FIFTY ARTISTS EXPLORE ART, FOOD, CULTURE AND POLITICS IN “LET THEM EAT LACMA”

Fallen Fruit in collaboration with The Los Angeles County Museum of Art (LACMA), presents Let Them Eat LACMA, a day-long event that explores art, food, culture, and politics on Sunday, November 7th, from noon to 8 pm. LACMA will teem with spectacular and subtle performances and installations that intervene in and activate the museum with surprising explorations into art and food. Let Them Eat LACMA is the culmination of the museum’s collaborative project with Fallen Fruit, EATLACMA, which investigates the social role of art and food and the rituals of eating. Since its launch in February, EATLACMA has included a series of interactive programming along with an exhibition and curated set of gardens on LACMA’s campus that will be on view at the event.

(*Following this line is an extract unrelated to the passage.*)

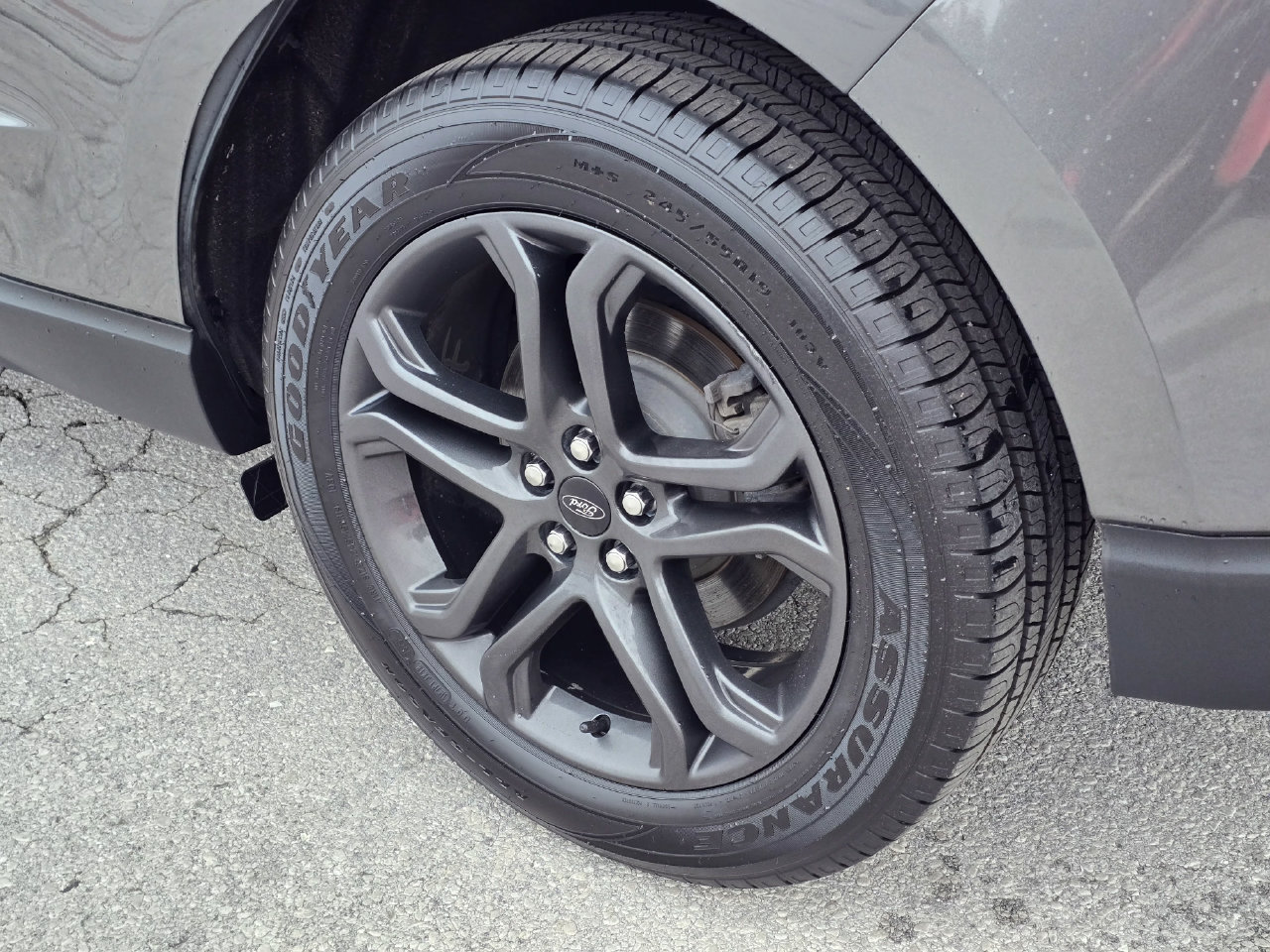 Used 2018 Ford Edge SEL w/ Equipment Group 201A FWD image 8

‘Let Them Eat LACMA’ Fallen Fruit, 2010

A tomato fight, a song and story cycle on the mystery of the knife, fork and spoon, an electronic melon drumming circle, Salome seducing her lover through the language of food, and a large Mandala of dinner plates ritually assembled and then dismantled by the public who take home each plate. a selection of food served to prisoners in California jails, chewing carolers, a watermelon eating contest, and belly listening sessions in which we hear digestion at its pinnacle. Jonathan Gold will read a text on Spam to accompany Ed Ruscha’s Actual Size, his painting of a can of Spam. Three Los Angeles muses (Karen Black, Ronee Blakley, and Phranc) will sing for their suppers.

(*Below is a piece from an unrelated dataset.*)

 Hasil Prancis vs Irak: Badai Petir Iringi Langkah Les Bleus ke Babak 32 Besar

‘Tomato Fight’, Jean Dunning


‘Old-Fashioned’ Jennifer Rubell

Artists and collectives participating in Let Them Eat LACMA include Machine Project, Gina Badger, Karen Black, Ronee Blakley, Lauren Bon, Michelle Carr, Robert Crouch, Cloud Eye Control, DidierHess, Harry Dodge, Jeanne Dunning, Fallen Fruit, Finishing School, Liz Glynn, Jonathan Gold, Veronica Gonzalez, Sean Griffin, Dana Gingras, Liz Hansen, Micol Hebron, Anna Homler, The Infamous Boom Boom!, Dawn Kasper, Emily Katrincik, Killsonic, John Knuth, Kadet Kuhne, Ann Magnuson, My Barbarian, National Bitter Melon Council, Katie Newcom, Gina Osterlogh, Adam Overton, Sun-Yun Park, Phranc, Eva Posey, Miss Barbie-Q., Marco Rios, Roots of Compromise, Jennifer Rubell, Susan Simpson, Slanguage, Asa Sonjasddotter, Squeaky Blonde, Kim Stringfellow, Lisa Teasley, Stephen van Dyck, We Are The World, Michiko Yao, and Bari Ziperstein.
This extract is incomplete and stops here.